I wonder if I can get the parameters and/or properties of an xpage or custom control programmatically.
<xp:view xmlns:xp="http://www.ibm.com/xsp/core" id="layout">
<xp:this.properties>
<xp:parameter name="testcc.xsp" value="Test 1"></xp:parameter>
<xp:parameter name="index.xsp" value="Main"></xp:parameter>
</xp:this.properties>
...
How can I access this parameter list to use it e.g. in a repeat control?
EDIT
You both are right, thank you! But this works only on a page, not in a custom control.
EDIT
You both are great :-)
BUT: I should revise my question:
I have a custom control where I defined the properties.

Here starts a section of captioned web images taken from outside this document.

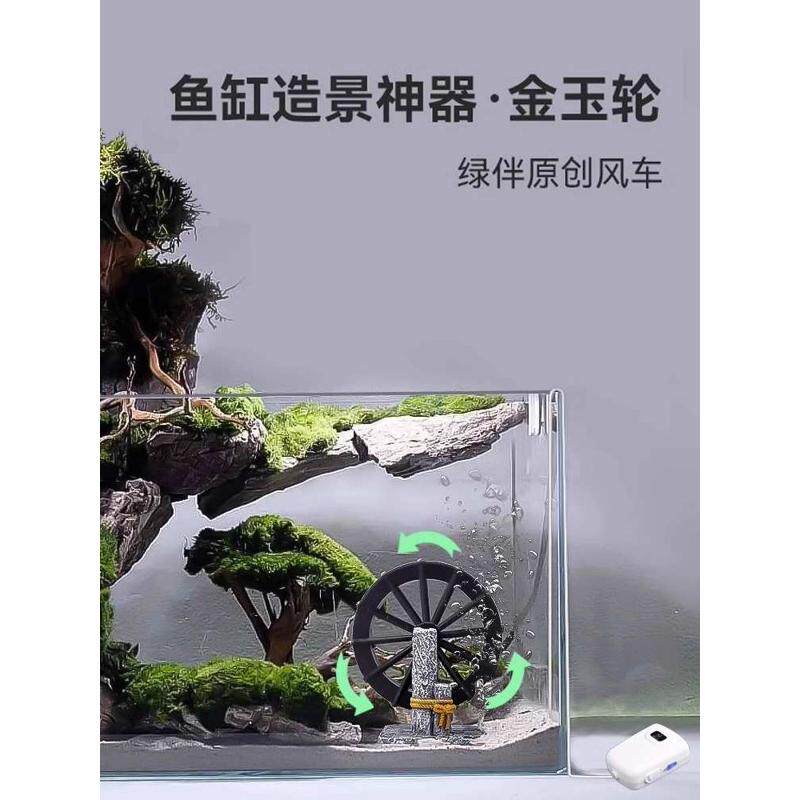 鱼缸水车风车轮沉水增氧造景假山摆件石头全套水底装饰内饰躲避屋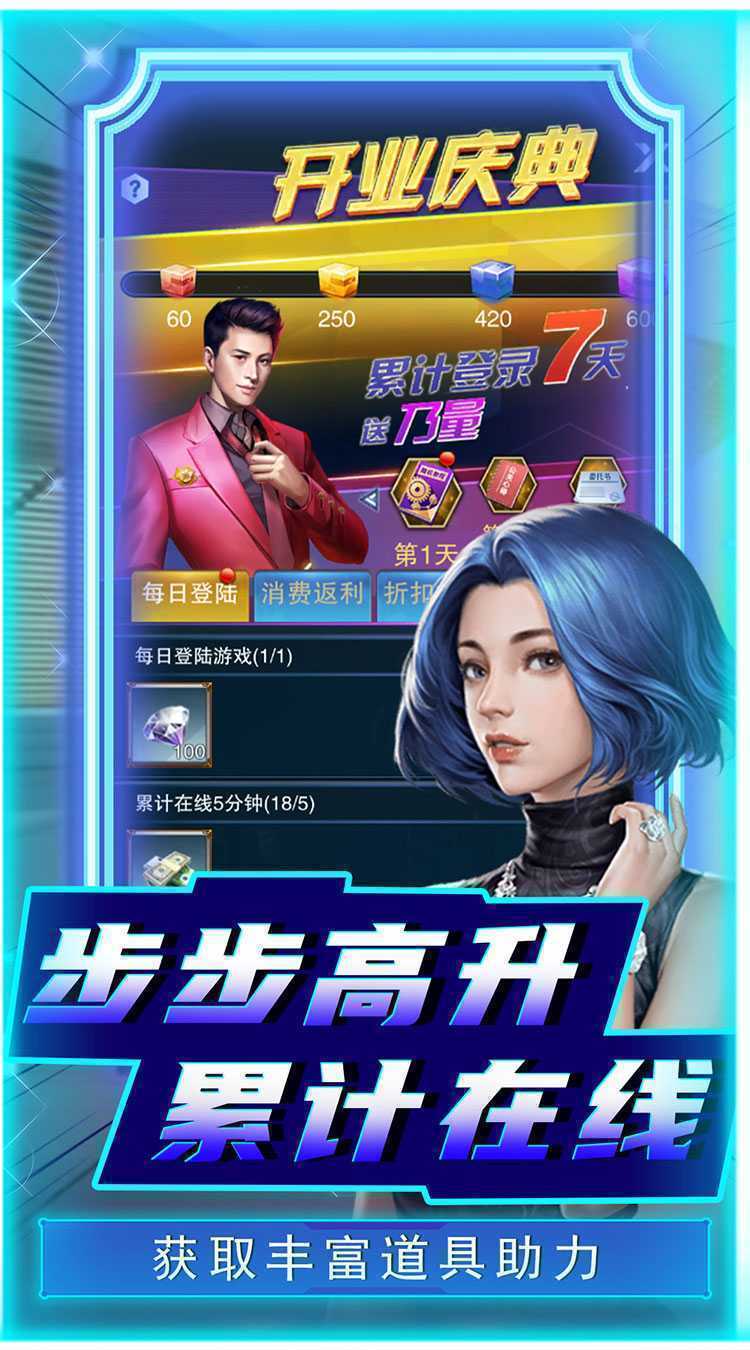 英雄计划（0.1折送豪车美女）中文版
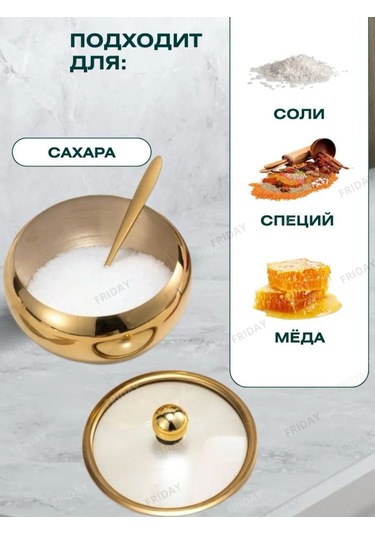 Frıday.kz Kapaklı Ve Kaşıklı Şekerlik 390177502 Altın Rengi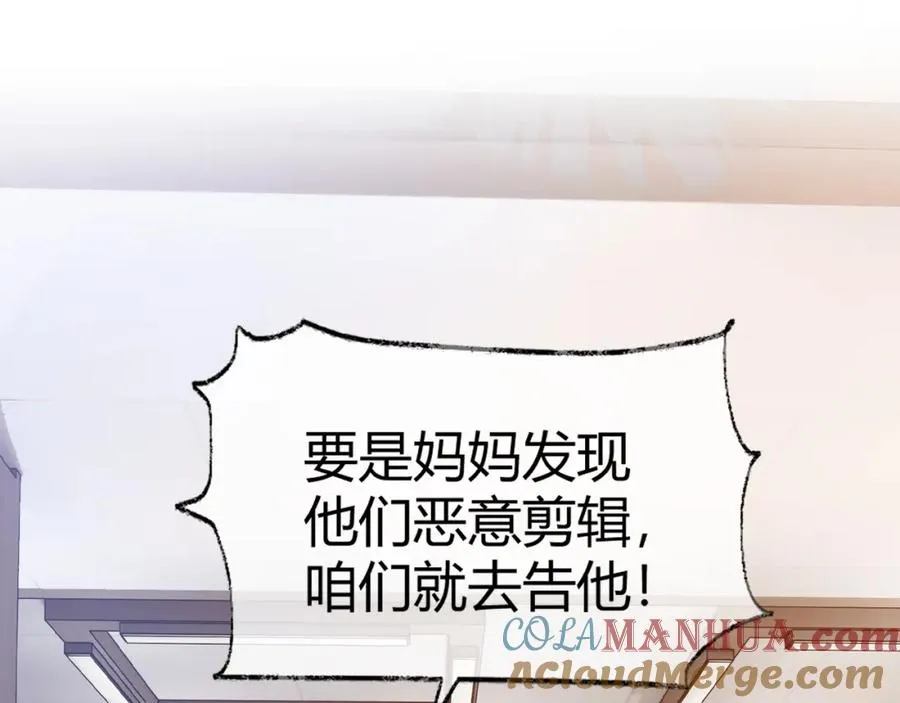 第25话 天机不可泄露 第58页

Within the SAMe custom control I want to access these properties in a repeat control.
Both your answers seem to assume that the access to these properties is from the view (page) level, right?
I tested Svens way - this works if I access the props in the CC from the page level.
EDIT
So this is the code of the CC:
<?xml version="1.0" encoding="UTF-8"?>
<xp:view xmlns:xp="http://www.ibm.com/xsp/core">
<xp:this.properties>
<xp:parameter name="param" value="val"></xp:parameter>
</xp:this.properties>
<xp:label value="#{javascript:facesContext.getProperty('param')}"
id="label1">
</xp:label>
</xp:view>
As you can see I just want to access the property within the CC itselt, not from the page level.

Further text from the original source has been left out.